As we saw earlier we can easily share read-only data between threads with the atomically reference counted construct in Rust, Arc<T>. But Arc cannot handle if even just one of the threads accessing some shared data needs write access. What we can do is to wrap our data in a lock. Locks can be used for all sorts of things, but this is just one example.

Locks come in different shapes and sizes, an often seen variant is the Mutex, short for mutual exclusion. A lock is used to ensure that only one thread can access a given region of code or data at a time. One potential implementation of this could be a lock using a binary semaphore protecting a piece of data. Any thread that wants to modify or read that piece of data will need to try to acquire the lock. If it is a spin lock, the thread will actively wait until it can acquire the lock. Once a thread has acquired a lock it is free to act inside the critical region guarded by the lock. Once it is finished it should release the lock. If this fails to happen, the threads who are waiting to acquire said lock will continue to wait indefinitely. If the thread currently holding the lock is stuck waiting to acquire a different lock, which it also won't ever acquire, one or more threads will be in a deadlock.

Any time we use a lock around a small piece of data or any kind of region, we incur a cost. Both in terms of allocating more memory, but also in terms of all of the time spent waiting to acquire and release locks. A lock is effectively a serialization of a region of code. Think back to Amdahl's law.

The more threads are vying for a lock the more lock contention in your code. This is of course at odds with the lock overhead. The more locks, the more overhead, but the lower the contention. Dependencies between locks, like a thread needing to hold more than a single lock at a time, increases the chance of incurring a deadlock.

I won't go much deeper about locks, you are definitiely welcome to read some of the links, but the basic conclusion is, you should understand what they do, you should be able to use elements from libraries that use them, but if you find yourself thinking you should use a lock for something... reconsider. Be absolutely sure that that is what you need, and if you do, you need to spend some more time thinking about how to implement it and you need to minimize your exposure by minimizing the regions where locks are used.

Locks in Rust

I tried to come up with my own explanation for locks in Rust, but this page from The Book is quite good.


Work Queue

So let's try to go back to how we could improve the performance of crossbeam when splitting our data into chunks and having threads work on a chunk each.
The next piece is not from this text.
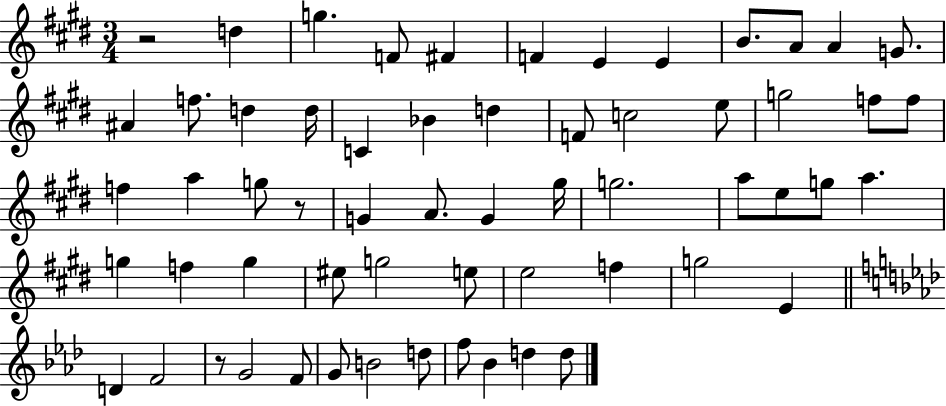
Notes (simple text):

R/h D5/q G5/q. F4/e F#4/q F4/q E4/q E4/q B4/e. A4/e A4/q G4/e. A#4/q F5/e. D5/q D5/s C4/q Bb4/q D5/q F4/e C5/h E5/e G5/h F5/e F5/e F5/q A5/q G5/e R/e G4/q A4/e. G4/q G#5/s G5/h. A5/e E5/e G5/e A5/q. G5/q F5/q G5/q EIS5/e G5/h E5/e E5/h F5/q G5/h E4/q D4/q F4/h R/e G4/h F4/e G4/e B4/h D5/e F5/e Bb4/q D5/q D5/e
This time we will use a mutex to create a task queue.

You can find the code in m2_concurrency::code::parallelism or online.

This time you need to set the flag crossbeam_task_queue to true.
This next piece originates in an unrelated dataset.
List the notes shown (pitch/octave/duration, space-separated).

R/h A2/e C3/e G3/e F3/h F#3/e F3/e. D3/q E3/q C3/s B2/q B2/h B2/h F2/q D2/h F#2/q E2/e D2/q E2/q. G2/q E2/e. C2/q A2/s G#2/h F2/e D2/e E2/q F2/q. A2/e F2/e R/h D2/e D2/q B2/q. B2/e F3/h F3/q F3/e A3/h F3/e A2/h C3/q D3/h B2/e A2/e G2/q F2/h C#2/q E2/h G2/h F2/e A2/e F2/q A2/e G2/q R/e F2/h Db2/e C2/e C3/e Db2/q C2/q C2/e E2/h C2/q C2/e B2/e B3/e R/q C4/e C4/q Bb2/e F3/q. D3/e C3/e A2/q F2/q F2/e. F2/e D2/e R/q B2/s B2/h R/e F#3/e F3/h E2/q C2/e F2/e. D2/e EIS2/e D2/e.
As you can see, the two added functions have gotten slightly more complex -

{
        let mut total_time: u128 = 0;
        let now: Instant = Instant::now();
        for _ in 0..iteration_count {
            let task_queue = Arc::new(Mutex::new(data_chunks.iter_mut()));
            let iteration_now: Instant = Instant::now();
            crossbeam::scope(|spawner| {
                for _ in 0..thread_count {
                    let task_queue_handle = Arc::clone(&task_queue);
                    spawner.spawn(move |_| {
                        loop {
                            match {
                                let mut data = task_queue_handle.lock().unwrap();
                                data.next()
                            }
                            {
                                None => { return; }
                                Some(data_chunk) => {
                                    map_function(data_chunk);
                                }
                            }
                        }
                    });
                }
            }).unwrap();
            total_time += iteration_now.elapsed().as_millis();
        }
        let elapsed_time: Duration = now.elapsed();
        println!("{} ms for crossbeam task queue", elapsed_time.as_millis() as f64);
        println!("{} ms for crossbeam task queue when discounting queue creation", total_time as f64);
}

This time around we are making a task queue. This task queue will be emptied every iteration. The task queue, is an Arc (to share this between threads) wrapped around a mutex (to allow us write access) wrapped around a mutable iterator to allow us to go through the list of tasks. We are using iterations to better benchmark the function. To accomodate this I recreate task_queue every iteration. To showcase the effect of this I also added a timing specifically without the extra cost of the recreating the queue every iteration, which the other solutions aren't burdened with. Next up, we create a scope, which you should be familiar with by now. Inside the scope we give each launched thread a reference to the queue. Once the thread has spawned, each thread will continuously try to get another piece of data to work on, by acquiring the lock. Note that once the thread has acquired the lock and returned the next element from the iterator, the lock is released by the scope ending. If the iterator is empty the thread will jump out of the loop.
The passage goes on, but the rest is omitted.